Pour résumer, le principe de précaution poussé un peu loin (le Rec ne souhaitant plus être responsable de la sécurité des enfants lors du trajet) amène tout le monde à nous proposer tout simplement d’envoyer les enfants seuls faire ces 650m… Les rues sont peut-être plus sures ici qu’en France (ce dont je doute), sinon comment ne pas penser aux enlèvements, mais aussi à un enfant qui marche trop lentement et qui s’égare, voire qui tombe et se casse un membre quand il neigera et il pleuvra ?
J’ai aussi alerté quelques membres du Conseil de Quartier que je connais et qui sont souvent si actifs. Mais ces membres eux-mêmes parents, n’envoient pas leurs enfants au Rec et du coup sont assez indifférents à ce problème.

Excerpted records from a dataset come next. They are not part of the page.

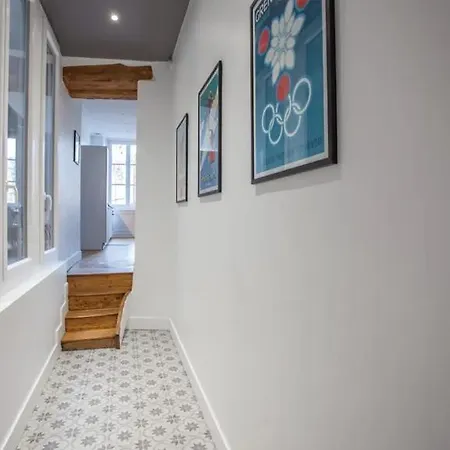 Apartment Lannexe Du Petit Palais Grenoble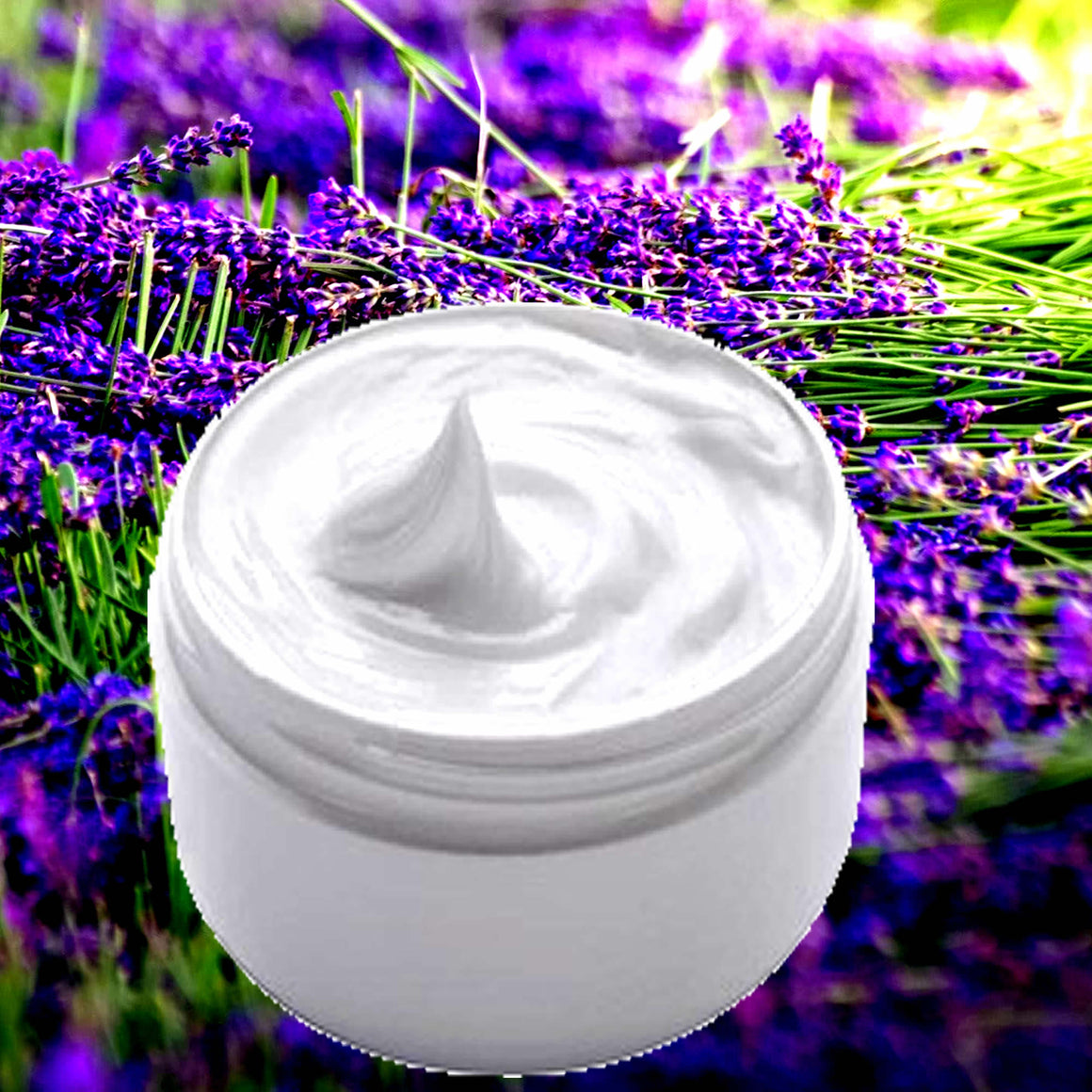 Lavender & Lemongrass Body & Hand Cream Vegan Cruelty-Free Moisturiser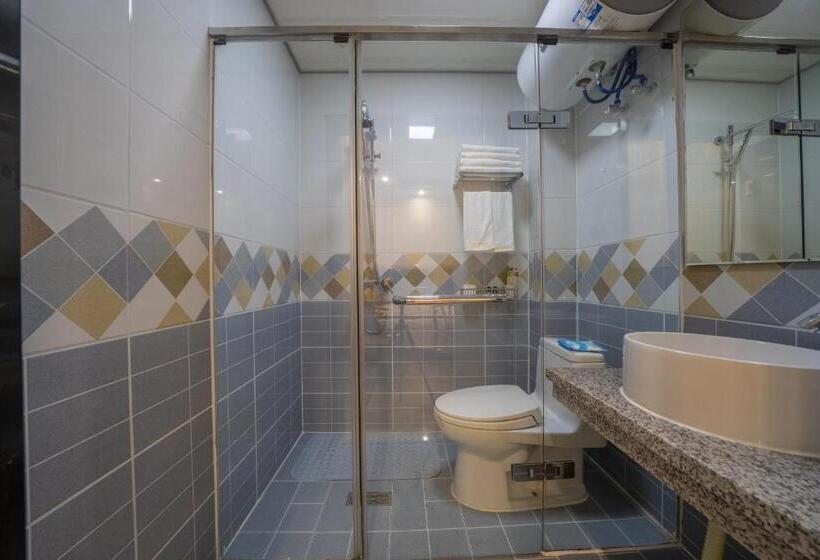 اتاق استاندارد, Qihang Hotel Harbin Taiping Airport
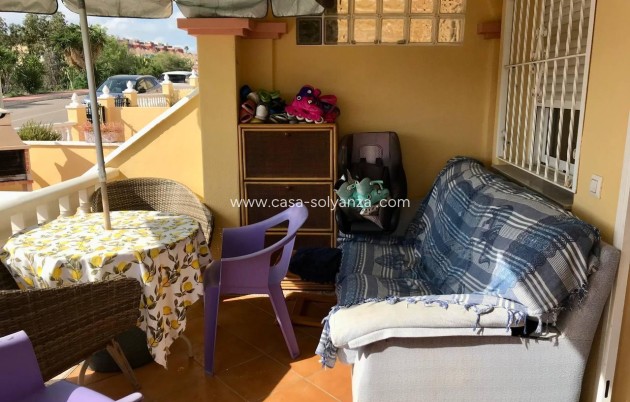 Revente - Maison de ville - Orihuela Costa - Villamartín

Community s’arrête finalement aux intérêts particuliers et partisans !
 
 
Pourtant ce même Conseil du Quartier répercutait au mois d’août le décret de la ville de Baltimore qui précise notamment qu’aucun jeune de moins de 14 ans n’a le droit de se trouver dehors non accompagné après 21h :
 
 
 
 
 
De même à la télé, juste avant le journal local de 22h, il y a un spot qui dit « il est 22h. Parents, où se trouvent vos enfants?»!!
 
Il me semble qu’on ne peut pas s’indigner de la présence d’enfants le soir dans les rues et trouver normal qu’ils partent de l’école seuls l’après-midi pour se diriger 0.4 miles plus loin vers le Rec.